■ **Excerpted records**:
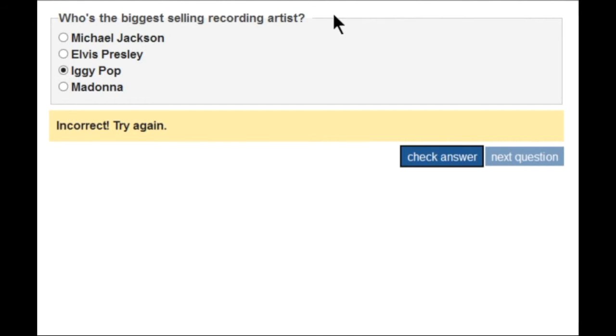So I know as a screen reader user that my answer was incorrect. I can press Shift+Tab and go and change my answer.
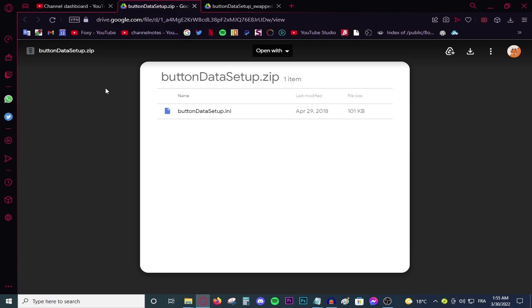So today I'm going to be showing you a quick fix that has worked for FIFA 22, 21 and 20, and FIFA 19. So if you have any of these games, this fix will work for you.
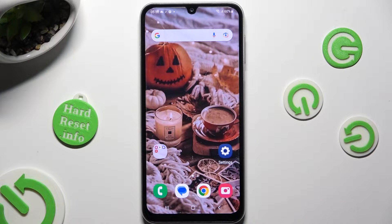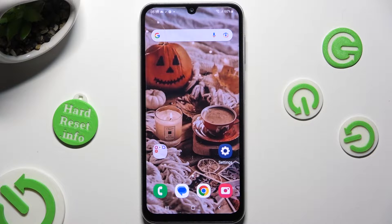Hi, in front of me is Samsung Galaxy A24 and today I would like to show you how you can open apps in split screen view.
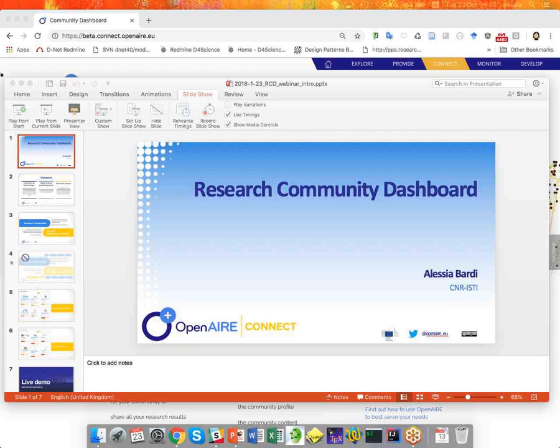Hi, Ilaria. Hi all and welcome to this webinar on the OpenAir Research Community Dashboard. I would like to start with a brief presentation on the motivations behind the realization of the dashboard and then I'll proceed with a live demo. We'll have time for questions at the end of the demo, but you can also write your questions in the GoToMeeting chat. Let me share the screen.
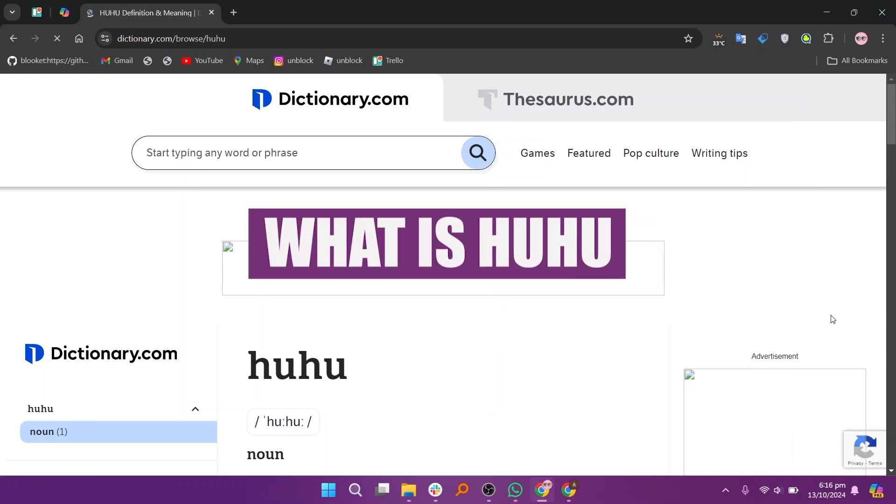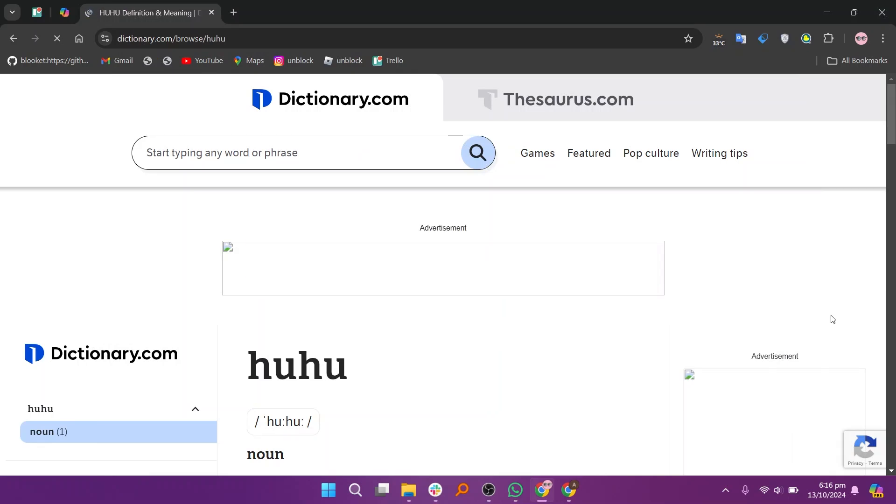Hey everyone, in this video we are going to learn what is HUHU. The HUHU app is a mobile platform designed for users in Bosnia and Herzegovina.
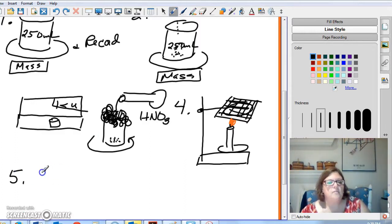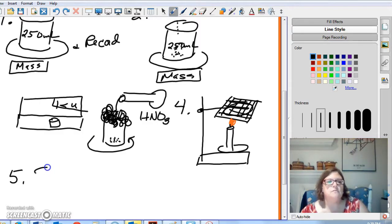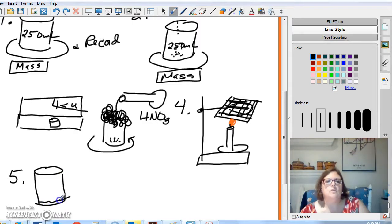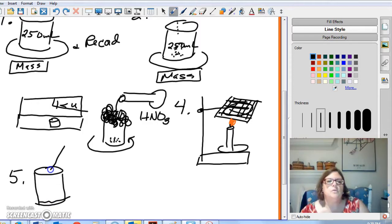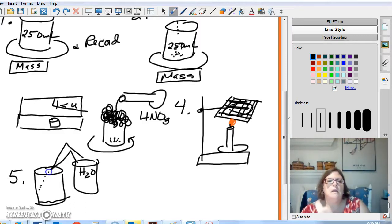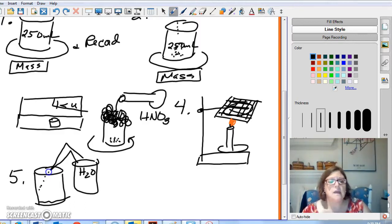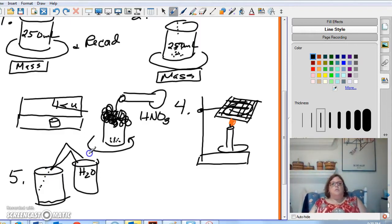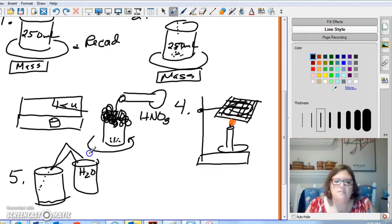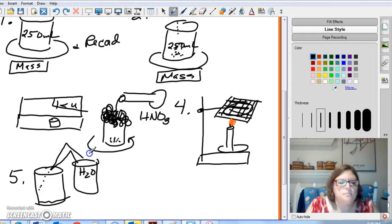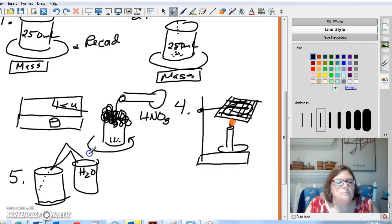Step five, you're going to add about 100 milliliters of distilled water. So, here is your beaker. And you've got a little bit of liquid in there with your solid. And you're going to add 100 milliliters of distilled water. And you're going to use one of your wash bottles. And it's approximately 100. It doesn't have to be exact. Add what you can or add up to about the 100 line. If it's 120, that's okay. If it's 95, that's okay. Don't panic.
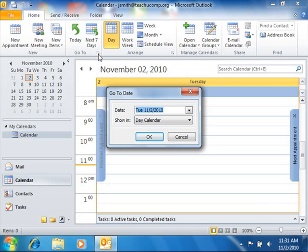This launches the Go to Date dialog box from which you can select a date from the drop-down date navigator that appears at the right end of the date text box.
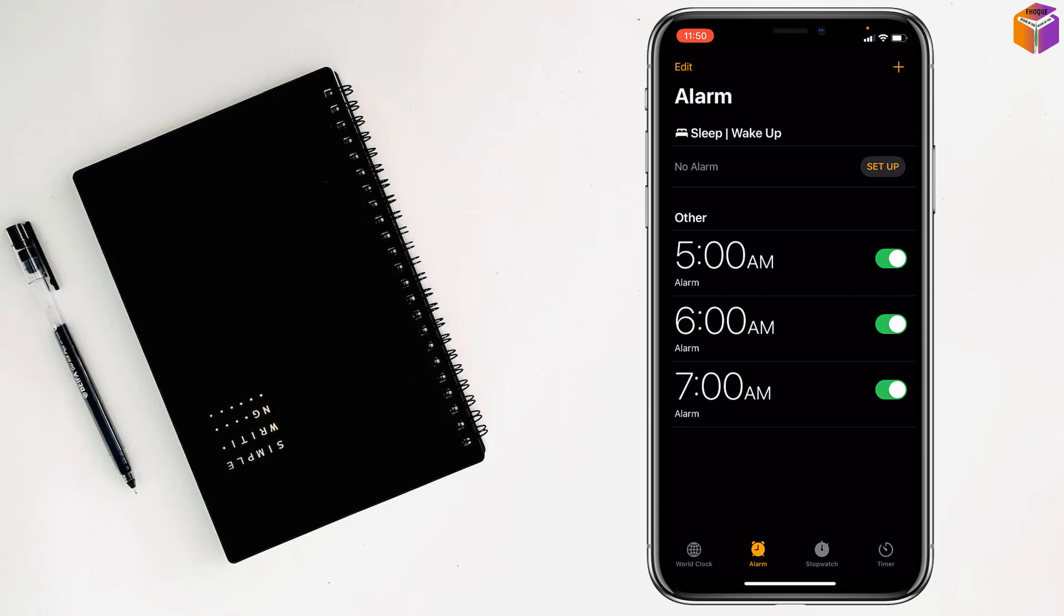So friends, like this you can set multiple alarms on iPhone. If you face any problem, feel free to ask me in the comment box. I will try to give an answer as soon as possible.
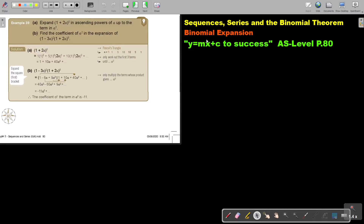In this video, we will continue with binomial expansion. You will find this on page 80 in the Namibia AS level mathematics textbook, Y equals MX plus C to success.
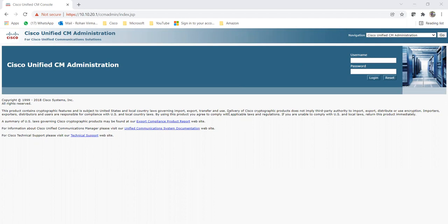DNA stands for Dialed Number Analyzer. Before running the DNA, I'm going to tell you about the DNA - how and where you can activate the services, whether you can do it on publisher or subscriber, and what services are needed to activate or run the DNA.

■ **What the task requires**: The line containing "This launches the" marks the start: set down exactly that line and every line after it through the last line of the data, without any pictures.

■ **Written response**:
This launches the Go to Date dialog box from which you can select a date from the drop-down date navigator that appears at the right end of the date text box.
So friends, like this you can set multiple alarms on iPhone. If you face any problem, feel free to ask me in the comment box. I will try to give an answer as soon as possible.
In this video, we will continue with binomial expansion. You will find this on page 80 in the Namibia AS level mathematics textbook, Y equals MX plus C to success.
DNA stands for Dialed Number Analyzer. Before running the DNA, I'm going to tell you about the DNA - how and where you can activate the services, whether you can do it on publisher or subscriber, and what services are needed to activate or run the DNA.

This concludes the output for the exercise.